È Confartigianato a dar voce alla rabbia delle 774 imprese sarde del settore e dei 1819 addetti. Quintali di cioccolato che deperiscono nei depositi, tonnellate di farina e zucchero inutilizzabili, migliaia di uova rispedite al mittente, ettolitri di latte da smaltire ma anche impastatrici ferme, ordini annullati e personale in cassa integrazione o, se va bene, in ferie forzate.

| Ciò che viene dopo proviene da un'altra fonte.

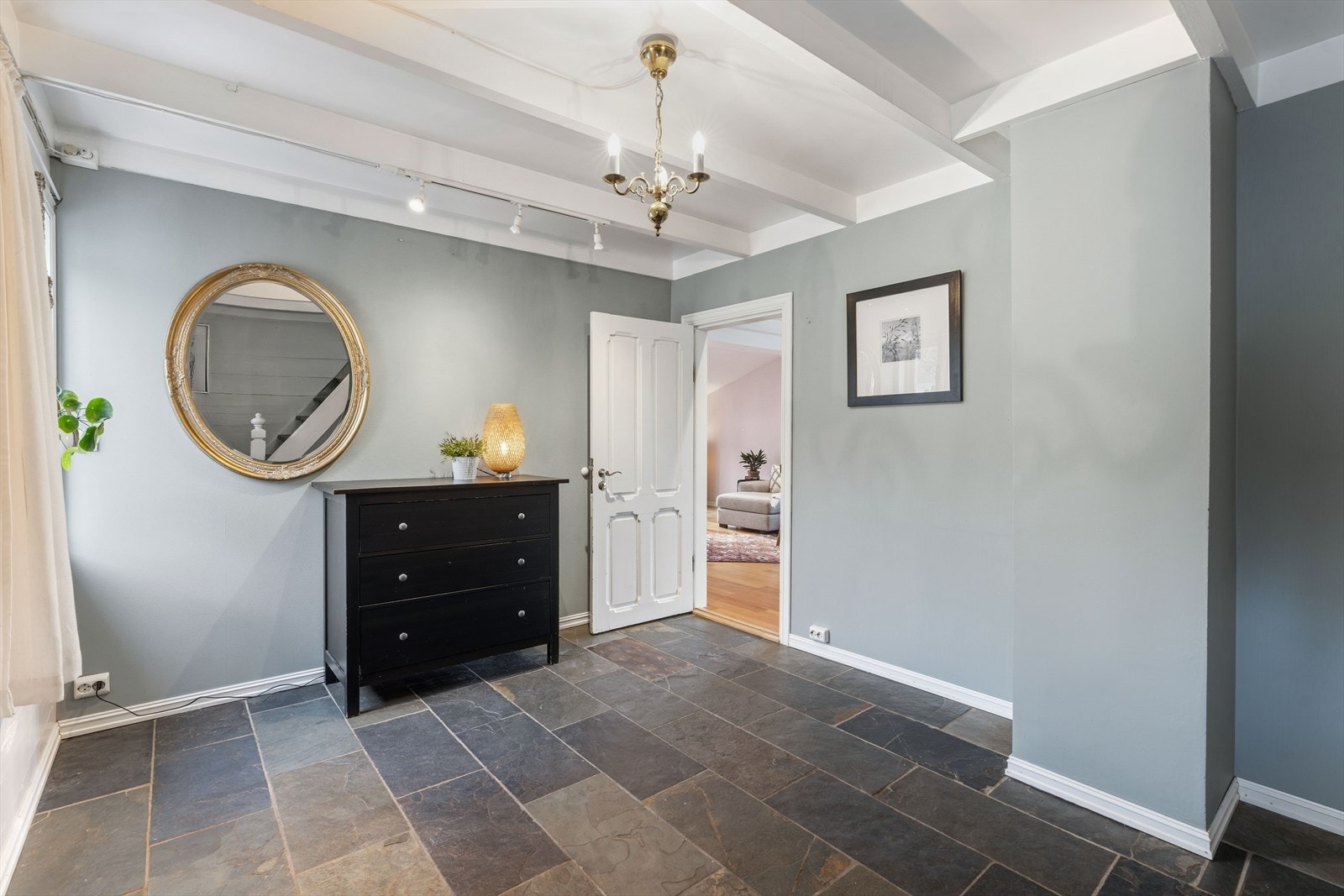 Inngangsparti mot stue Galleribilde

A causa del lockdown, secondo uno studio dell’Ufficio Studi di Confartigianato Imprese Sardegna, la parte del comparto più colpita è la vendita diretta della pasticceria artigianale. “Siamo i primi a rispettare le regole per difendere la salute dei cittadini – afferma Antonio Matzutzi, presidente di Confartigianato Imprese Sardegna – ma non accettiamo un’interpretazione della norma che si traduce in una palese e assurda penalizzazione delle nostre produzioni a vantaggio di altre tipologie di prodotti di pasticceria. Così si colpiscono le nostre aziende e si nega libertà di scelta ai consumatori”.

Uno dei problemi principali è che al settore dolciumi è stata vietata la vendita e soprattutto la produzione dei prodotti; secondo il Dpcm dell’11 marzo 2020, le imprese artigiane di pasticceria, obbligate alla chiusura, non possono vendere i loro prodotti nemmeno attraverso la modalità di asporto, ma solo a domicilio.

Per l’Associazione Artigiana, questo blocco burocratico è “un’assurda discriminazione rispetto ai negozi e alla grande distribuzione, ai quali è invece permessa la commercializzazione di prodotti dolciari”.